While he was in Logan, Salt Lake City and Deer Valley, he talked to supporters and reporters. But he sat down to spend extra time with our Richard Piatt.
Candidate Mitt Romney is not that different, personally, from Olympic boss Mitt Romney. When we sat down for our interview, he was in a relaxed mood. We shared a joke, reminisced about his days in Utah, and got into the several meaty issues that are and will be defining the race for the presidency.
Even Mitt Romney is surprised at how far he's come in such a short time.
"It's going very well, I must admit," he said. "At this stage six months or a year ago, I was hardly known across the country. And I've devoted my resources in the primary states. At this point I'm either in the lead or tied for the lead, and that's very good news, a lot better than I would have expected a year ago."
Romney appears willing and capable of answering any question thrown his way. He's getting particularly accustomed to answering the inevitable question about his Mormon faith.
"I'm always asked about my faith," he admits. "I point out to people that we don't choose our political leaders from where they go to church. We choose them on their values."
He says he hasn't made a decision about doing a "defining speech" on his faith, like John F. Kennedy did nearly 50 years ago.
He did say he's worried about another terrorist attack in America, and supports a strong defense. But he is critical of the conduct of the war in Iraq.
"Well, Iraq has not been terribly well managed over the last few years," he said. "The administration has. I think we were undermanned and underprepared and underplanned for what occurred following Saddam Hussein's collapse. We are where we are. I support the troop surge. We'll see if it's working or not."
Whether or not his faith turns out to be a defining issue in the race, Romney is plagued by perceptions that he has not been consistent in his position on key issues.
"There are a lot of people in this country overall who are very cynical of candidates who they feel will say or do anything to get elected," Piatt said. "You've changed your position on abortion and gay rights. What do you say to people who think that's what you've done in those cases?"
Romney responded, "Well, it was a very difficult decision as I came into political office, about what to do about abortion. I feel very strongly that abortion is wrong, that a person faced with that choice should not choose abortion. But the question was, what should the role of government be?

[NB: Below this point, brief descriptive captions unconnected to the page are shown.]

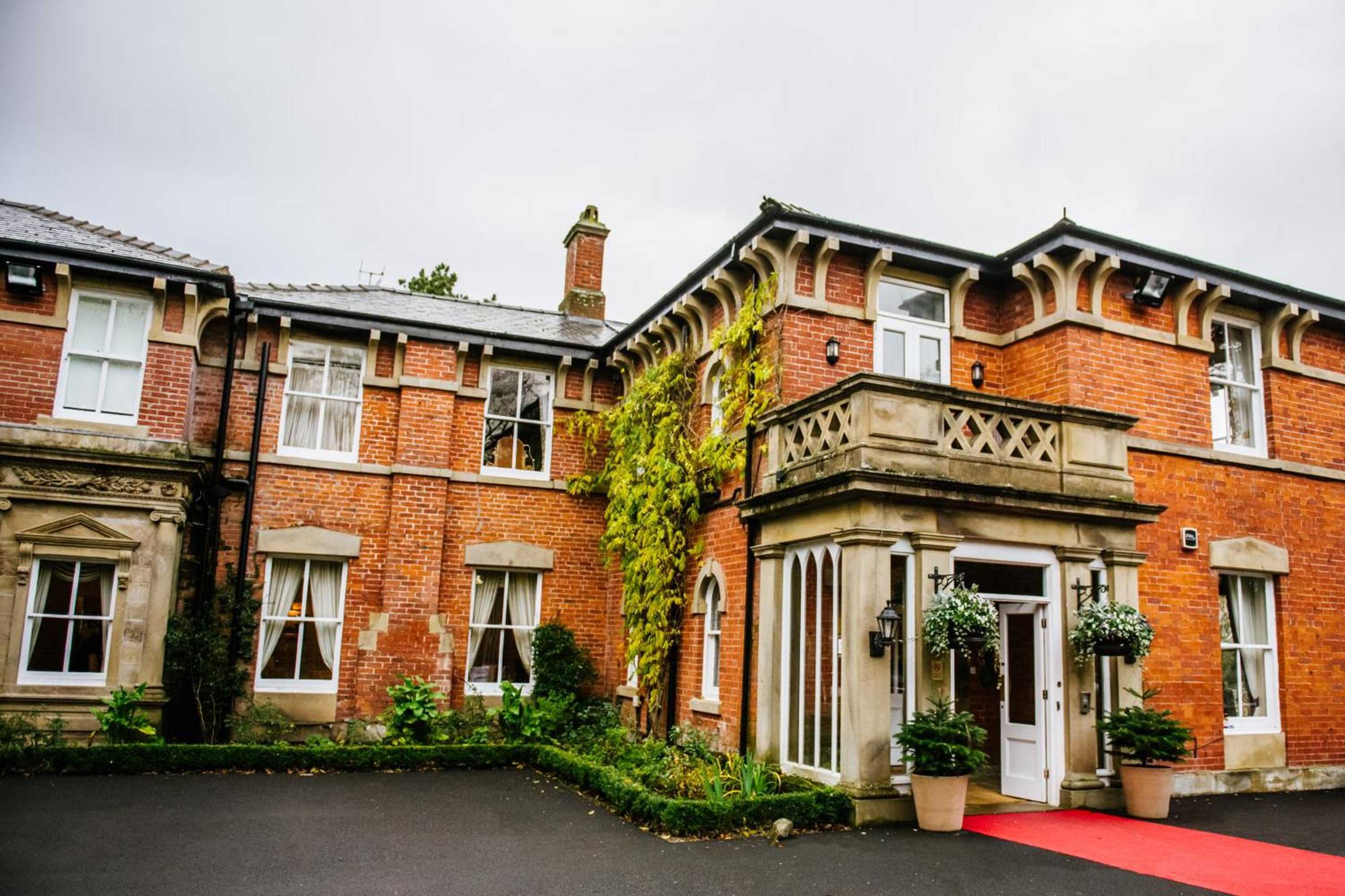 Gift card for Bartle Hall Country Hotel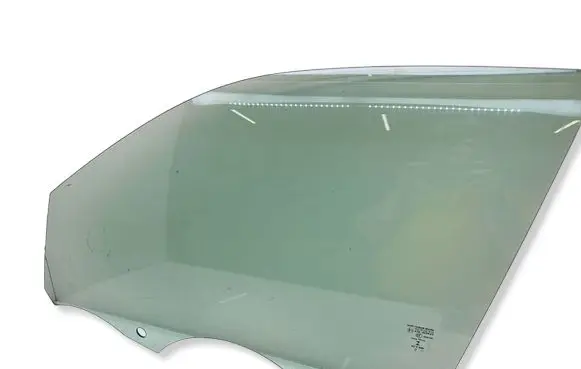 Opel Mokka B Front door window glass four-door 43R000929 E000189 DOT39AS2M34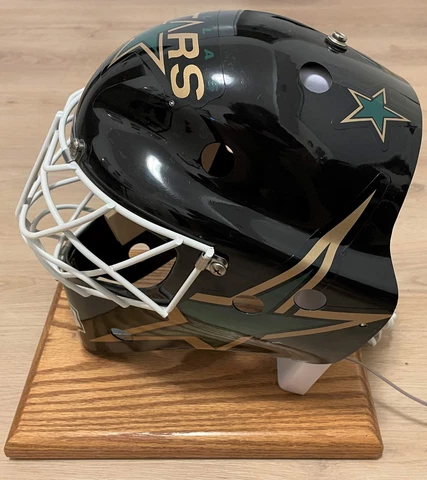 Dallas Stars Helmets thumbnail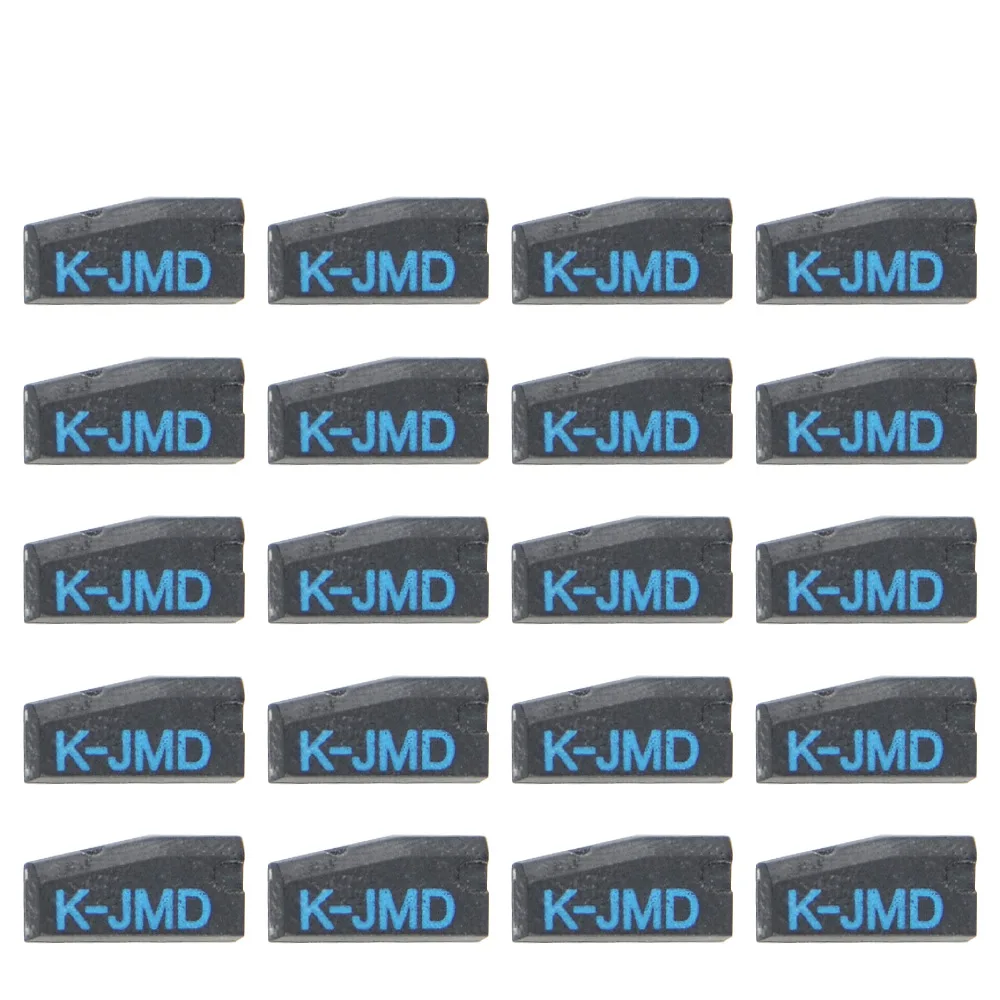 

50pcs Original JMD King Chip Handy Baby Blue Super Chip for JMD Handy Baby for Clone 46 48 4C 4D G T5 Chips Car Key Chip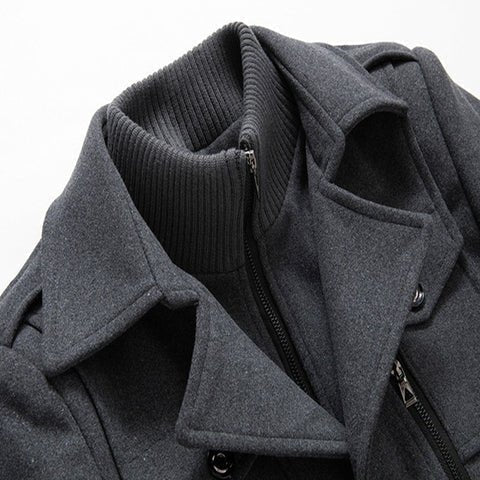 FROSTVEST vinterjakke til herrer – billede 8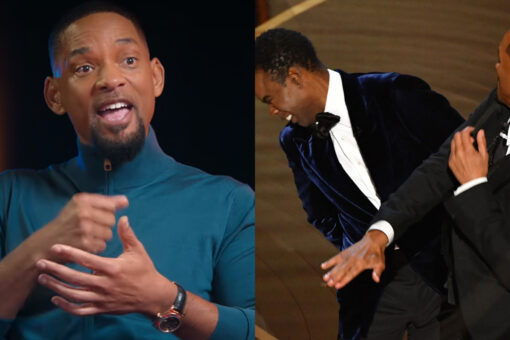 Will Smith tells David Letterman he had drug-induced vision about career being ‘destroyed’ before Oscars slap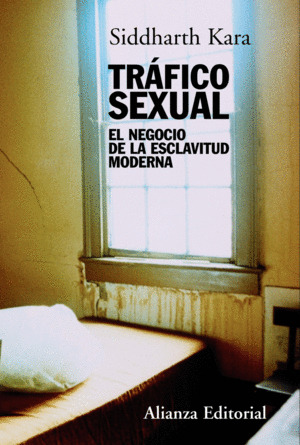 Libro Tráfico Sexual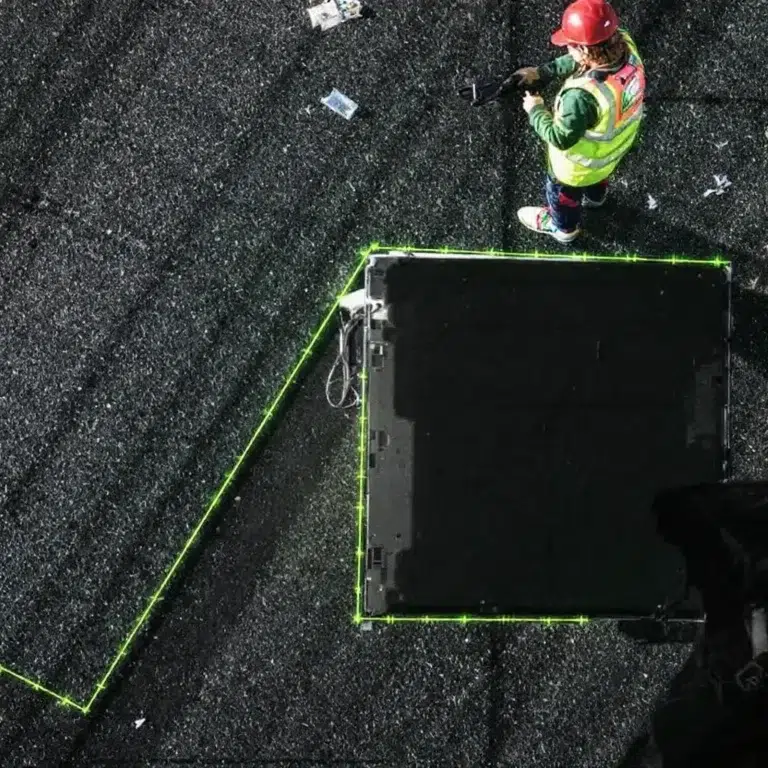 DIY Roof Inspection Checklist for Charlotte Homeowners 11 Commercial Roof
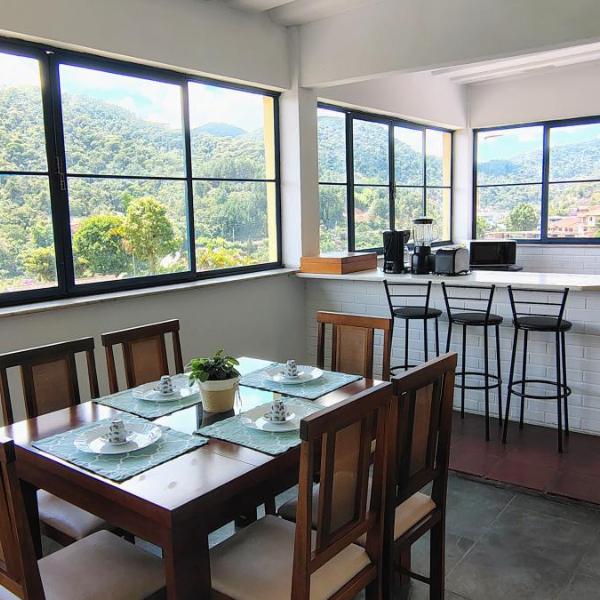 Terraço Com Vista Para Montanha - Foto 4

"I'm not going to apologize for being more strongly pro-life. I can say that on other issues, of course you should expect a political leader to change their mind. Anyone running for president, among all the top tier, leaders change their mind on issues from time to time as they find new information or better thinking has led them to a different conclusion."

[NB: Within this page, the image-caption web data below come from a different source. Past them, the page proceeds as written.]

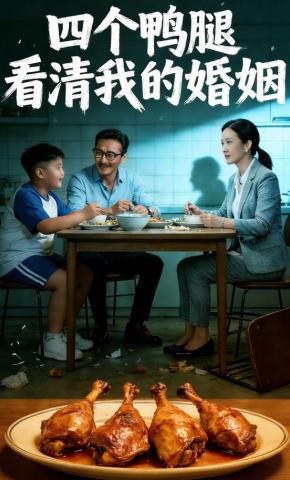短剧《四个鸭腿看清我的婚姻》海报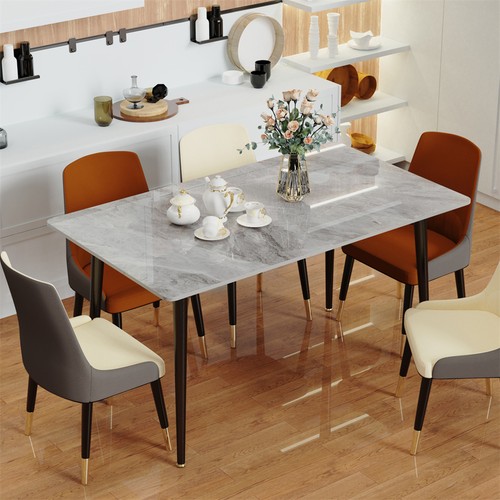 Dining table modern - dining, sintered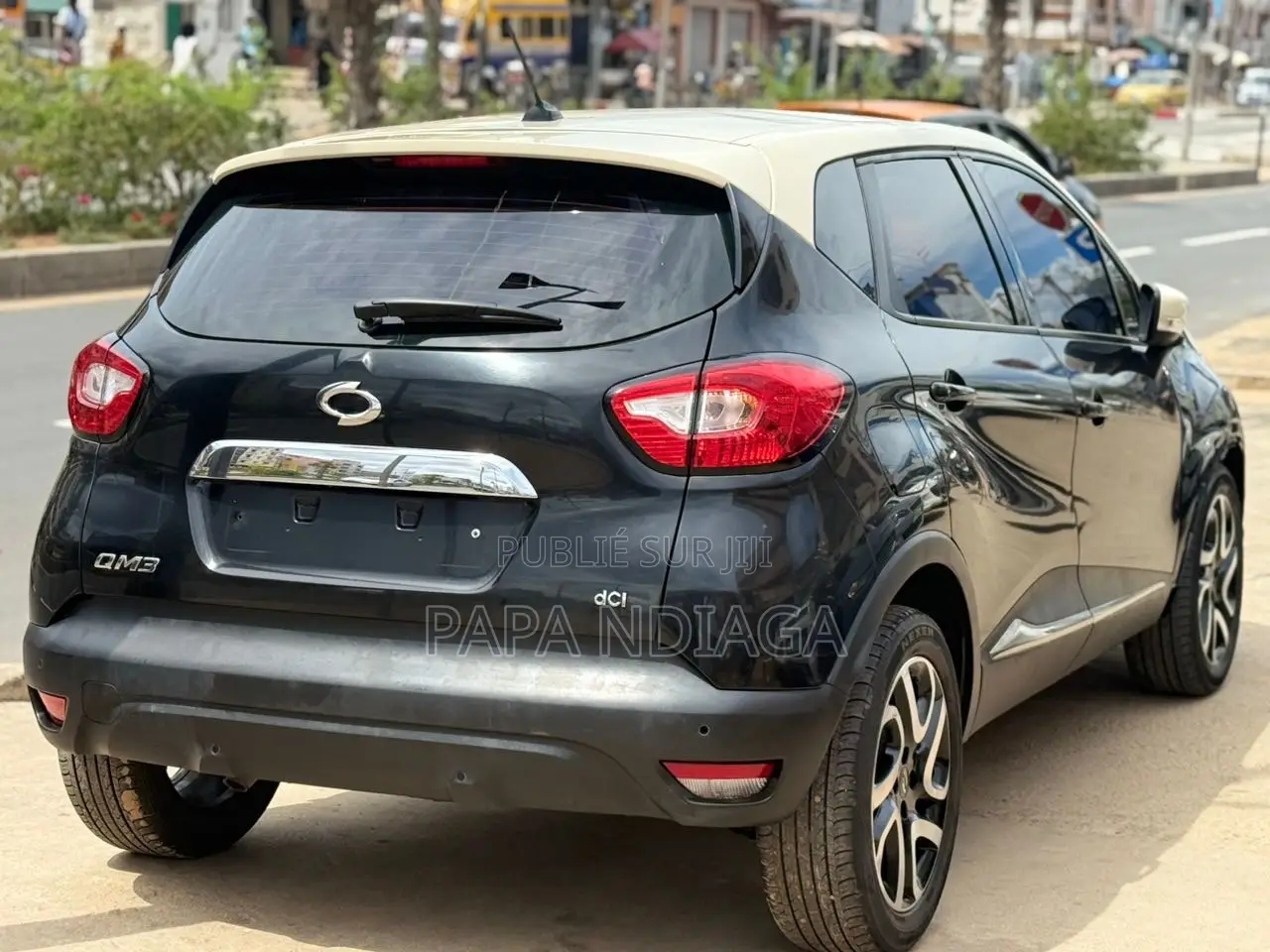 Renault 20 2016 Blue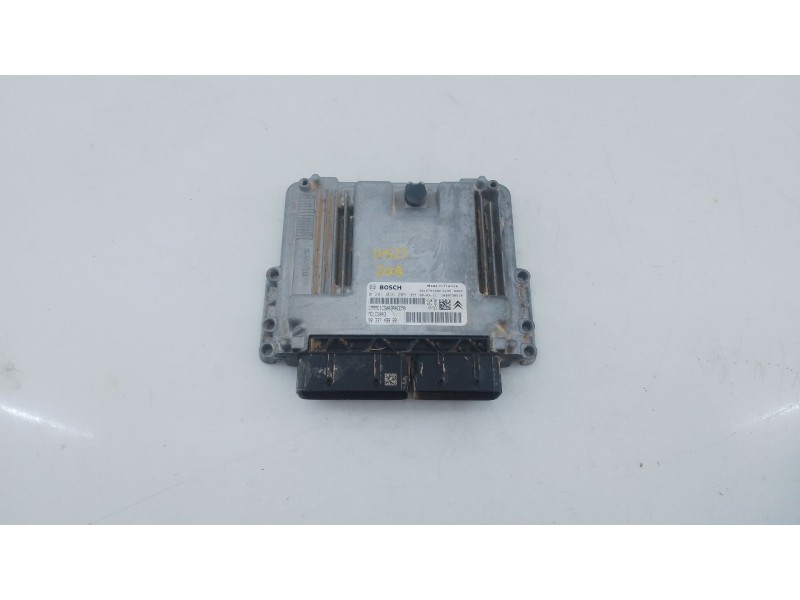 Recambio de centralita motor uce para peugeot 2008 ii (ud_, us_, uy_, uj_, ur_, uc_) 1.5 bluehdi 130 referencia OEM IAM 98337498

Richard Piatt asked, "If you were running against yourself, what would you highlight that gets to the heart of what you're all about?"
"Well, if I was running against myself, I would just say, 'Vote for Mitt Romney, he's the best guy,'" Romney replied.

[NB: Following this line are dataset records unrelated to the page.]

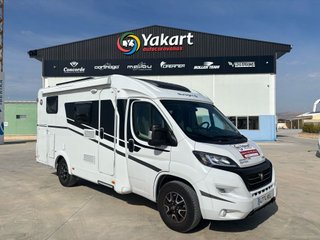 Autocaravana Sunlight V66 Ocasión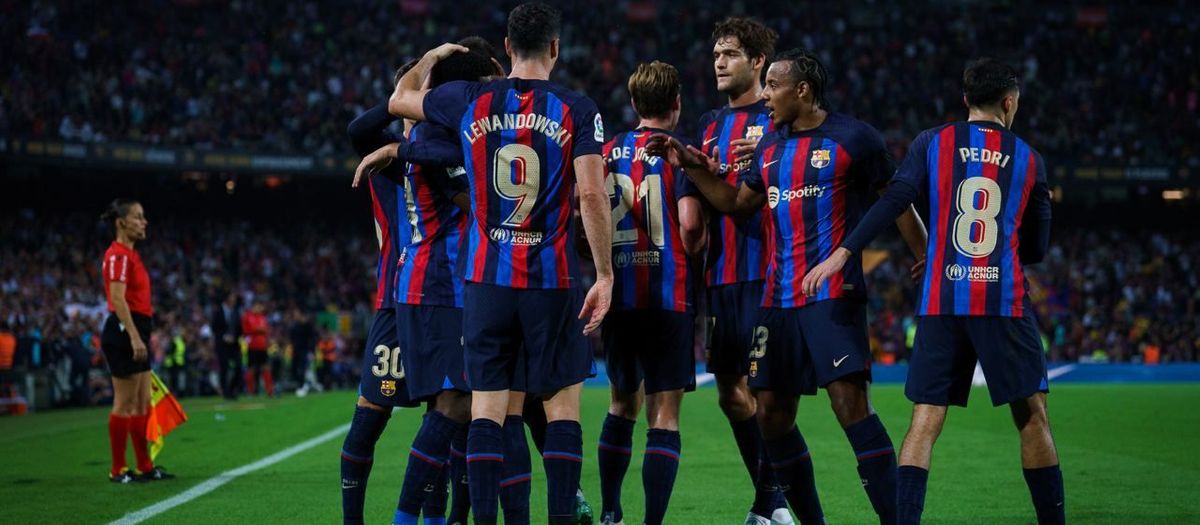 Quên đi Real, Barca rũ bùn đứng dậy thắng 3-0 - Bóng Đá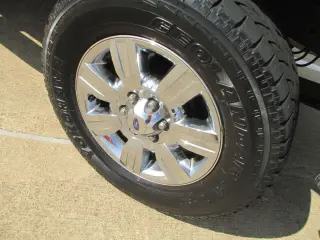 2012 FORD F150 SUPERCREW CAB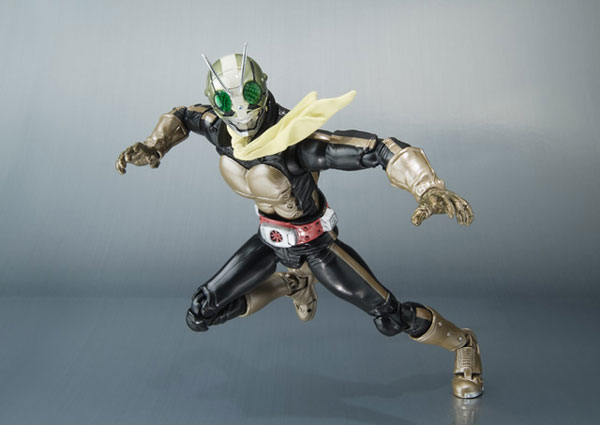 S.H.フィギュアーツ ショッカーライダー（仮面ライダーTHE NEXT）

He went on to say, "You know, my job is to take my message across the country. And my message is pretty straightforward. My message that the Republican party and the nation at large benefit from having three pillars of strength, or three legs to the stool. A strong military, a strong economy, and strong families and values.
"It's a message Ronald Reagan took to America, and won support from Republicans, Democrats and Independents. And it will win again for us, if we are very serious about strengthening our military again, strengthening our economy by keeping our burden of government down, and strengthening American homes with strong families and strong values."
Actually, there are several candidates who are chiming in with a similar mission right now.
Romney does get a lot of attention here in Utah. He's a favorite in key primary states. But when other presidential candidates visit the state, we'll put in a request to interview them, too.